The only example of the Mauritius Ball cover in private hands was sold for just shy of $12 million in late June in an auction conducted by the German firm Christoph Gaertner. Matthew Healey’s report on the sale appears on page 10 of this issue.
One of the highlights of my philatelic career was seeing this cover, along with the other two Mauritius Ball covers, during a trip to London a couple of years ago.
The Mauritius Ball cover news story follows on the heels of Sotheby’s June 8 sale of the unique British Guiana 1856 1¢ Magenta and the United States 1918 Jenny Invert plate block of four for $8.3 million and $4.87 million, respectively.
The 1¢ Magenta continues to make headlines. Stanley Gibbons announced on the day of the sale that it was the high bidder.
In late June, Gibbons chief executive officer Graham Shircore sent an email to those interested about how it intends to “make ownership of this historic item available for all.”

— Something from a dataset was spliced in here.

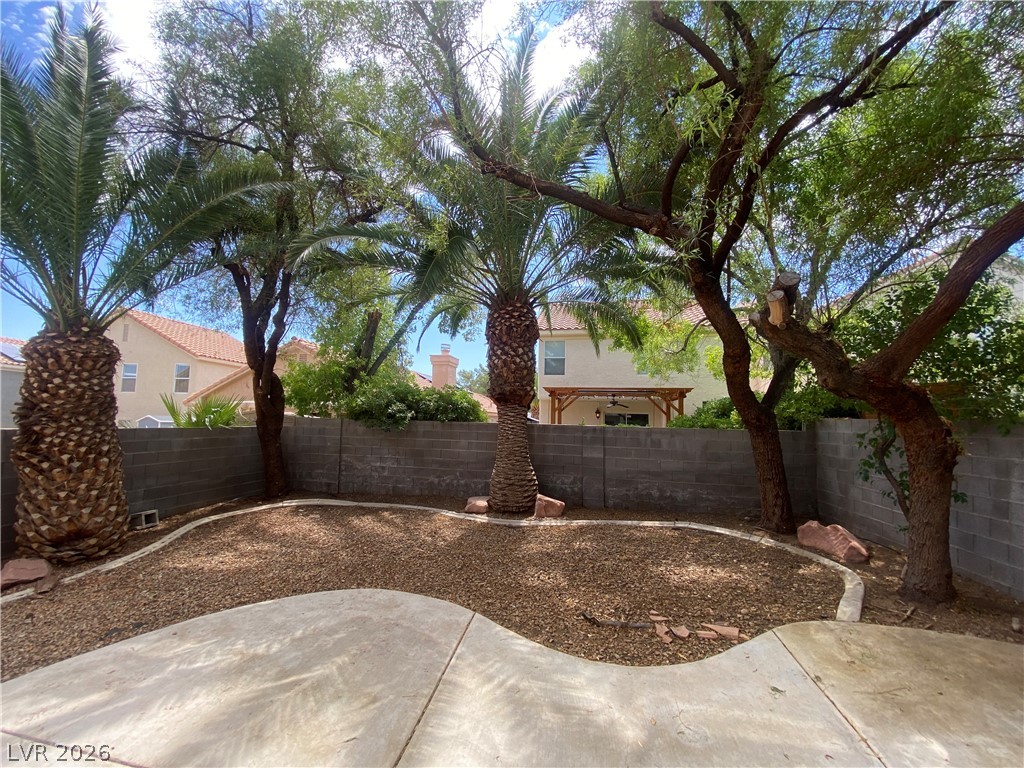 9633 Rancho Palmas Drive Property Photo 27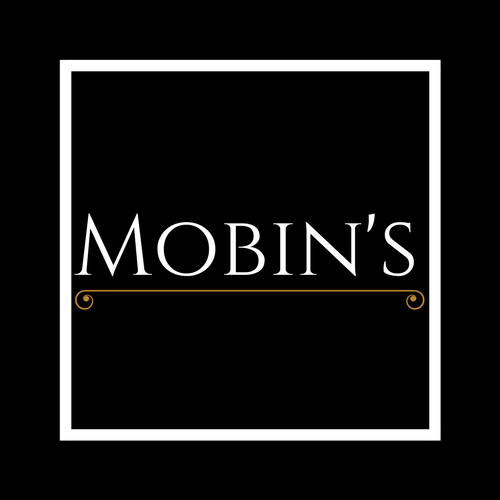 Mobin's | Karachi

Shircore said that Gibbons was in the process of finalizing shipping and payment of the stamp and that it had “begun commissioning the display at 399 Strand,” the firm’s address in London, England.
“We have seen a huge level of interest in the concept of fractional ownership and will be sharing more about what this will look like in the coming weeks,” he said. Gibbons also plans to post details on the website it created for the stamp.
The Gibbons’ email included a link to a survey that asked the following questions:
1. The stamp has a long history of owners signing the back of it. Should we continue this tradition and sign the back of it?
2. What additional benefits of ownership would be most important to you?
3. Do you think that only those purchasing part of the stamp should be able to view it free of charge?
4. What most interests you about the chance to own part of the world’s most expensive stamp?
5. How important would it be to you that you’d be able to sell your stake in the stamp quickly?
6. Does the idea of building a collection of pieces of unique, valuable treasures interest you?
7. What is your view of the use of blockchain technology as part of the digital offering?
Those seven questions start to paint a picture as to what might be Gibbons’ plan for the stamp. It will be interesting to see how this stamp continues to make headlines. I’m certain it will.